At present the Surinam Javanese migrants are divided into three main groups. The first group is the majority who remained in Suriname, got married and formed the Javanese diaspora. This community strives to preserve and develop its culture in the new homeland. The Javanese form the third largest ethnic group in Suriname after Creoles and Hindus of Indian origin, and represent some 20 % of the total population of around 400,000. In contrast to the Hindustanis, who also arrived as indentured labourers, the socio-economic development of the Javanese in Suriname is still poorly documented (Hoefte, 1998) . 1
The second group consisted of persons who returned to Indonesia 2 . A large group went back with the ship Langkuas of the Rotterdam Lloyd in 1953. This group counted some 300 Javanese families (approximately 1200 persons).
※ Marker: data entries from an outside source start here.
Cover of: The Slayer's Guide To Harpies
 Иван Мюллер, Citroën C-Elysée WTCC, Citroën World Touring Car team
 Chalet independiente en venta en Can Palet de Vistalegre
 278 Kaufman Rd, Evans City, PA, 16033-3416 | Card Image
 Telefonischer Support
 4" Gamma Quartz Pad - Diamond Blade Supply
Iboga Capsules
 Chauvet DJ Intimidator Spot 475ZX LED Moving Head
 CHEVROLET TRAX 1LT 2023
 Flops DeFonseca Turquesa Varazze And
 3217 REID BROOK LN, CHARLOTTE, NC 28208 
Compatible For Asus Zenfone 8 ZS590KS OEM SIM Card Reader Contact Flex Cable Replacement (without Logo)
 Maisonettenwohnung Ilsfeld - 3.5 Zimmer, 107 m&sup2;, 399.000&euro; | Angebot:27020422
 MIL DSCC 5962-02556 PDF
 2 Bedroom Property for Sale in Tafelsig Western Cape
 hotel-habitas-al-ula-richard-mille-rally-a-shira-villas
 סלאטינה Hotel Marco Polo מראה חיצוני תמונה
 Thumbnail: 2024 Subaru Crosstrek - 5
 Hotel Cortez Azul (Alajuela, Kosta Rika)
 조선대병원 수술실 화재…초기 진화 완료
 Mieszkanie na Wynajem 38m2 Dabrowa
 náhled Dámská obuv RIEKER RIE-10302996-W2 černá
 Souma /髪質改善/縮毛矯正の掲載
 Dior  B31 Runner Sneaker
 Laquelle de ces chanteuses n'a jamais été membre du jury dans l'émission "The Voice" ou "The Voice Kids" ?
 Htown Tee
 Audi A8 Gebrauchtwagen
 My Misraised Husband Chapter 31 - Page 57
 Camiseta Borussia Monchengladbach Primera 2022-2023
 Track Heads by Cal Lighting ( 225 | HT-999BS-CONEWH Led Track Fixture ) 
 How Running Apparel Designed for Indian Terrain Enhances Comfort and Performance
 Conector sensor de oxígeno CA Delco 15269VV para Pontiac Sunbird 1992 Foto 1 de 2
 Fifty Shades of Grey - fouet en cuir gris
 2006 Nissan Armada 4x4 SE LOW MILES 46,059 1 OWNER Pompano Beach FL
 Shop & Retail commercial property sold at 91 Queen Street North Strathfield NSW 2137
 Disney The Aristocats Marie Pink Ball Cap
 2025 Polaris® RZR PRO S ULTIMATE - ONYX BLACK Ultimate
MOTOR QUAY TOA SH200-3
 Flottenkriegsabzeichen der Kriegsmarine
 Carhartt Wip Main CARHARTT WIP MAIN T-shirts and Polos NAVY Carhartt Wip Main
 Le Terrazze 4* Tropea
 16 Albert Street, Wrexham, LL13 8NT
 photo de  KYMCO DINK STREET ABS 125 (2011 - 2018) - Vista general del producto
They wanted to settle in Java or Lampung but their request was not approved by the Indonesian government at that time. Instead, they were directed to Western Sumatra and settled down in Kampung Tongas (Kabupaten Pasaman), north to the city Padang. They had to open up new land and build their houses but they had little problems integrating with the Minangkabau society notwithstanding the fact that most of these Surinam Javanese were Christians. Intermarriage with the people of Minangkabau who are preponderantly Moslems was quite common and deceased persons were buried in the Islamic cemetery 3 . The present generation of Surinam Javanese residing in Indonesia feels more Indonesian than Surinamese 4 . They still, however, have some contacts with their families and friends in Suriname and The Netherlands and some visited these countries.
The third group is the Surinam Javanese who came to The Netherlands in the 1970s. Their number amounts to approximately 20,000 to 25,000 people. The residence of these families is concentrated in and around cities like Groningen, Amsterdam, Den Haag, Rotterdam, 's-Hertogenbosch and Zoetermeer (Koesoebjono, 1991a, b). Although they are very well integrated in the Dutch life and culture, the Surinam Javanese families are making efforts to preserve their Javanese identity such as having a Javanese association in some big cities that organize frequently manifestations. One such manifestation was the celebration of the 110th anniversary of the first arrival of Javanese migrants in Suriname in 2000. Most of them still have families in Suriname to whom they send parcels and money. Many among them visit regularly Suriname.
In the course of time quite a number of Javanese have gone to Indonesia from Surinam and The Netherlands to see their place of origin, the place where their ancestors presumably came from, although most of them do not know where that place might be. Moreover many places of origin are changed due to local development and modernization processes and eventual relatives or friends of their (grand)parents are already dead or have moved to other places. Looking for the roots has proved for many persons a disappointment.
Preserving the culture
Studies report that the first generation of Javanese who migrated to Suriname resented their being sent to Suriname. Almost all described their initial recruitment in terms of ‘being tricked’. Most spoke of fear of being humiliated or shamed if they ever returned to Java (Dew, 1996). This has caused them difficulties in adjusting to the conditions in Suriname. Despite the feeling of disillusionment and demoralization with their new circumstances, the Javanese managed to reconstitute many of the traditional folk institutions they had known in Java. These, perhaps more than the formal practice of Islam, provided bonds that held the Javanese community together vis à vis the other ethnic groups (Dew, 1996).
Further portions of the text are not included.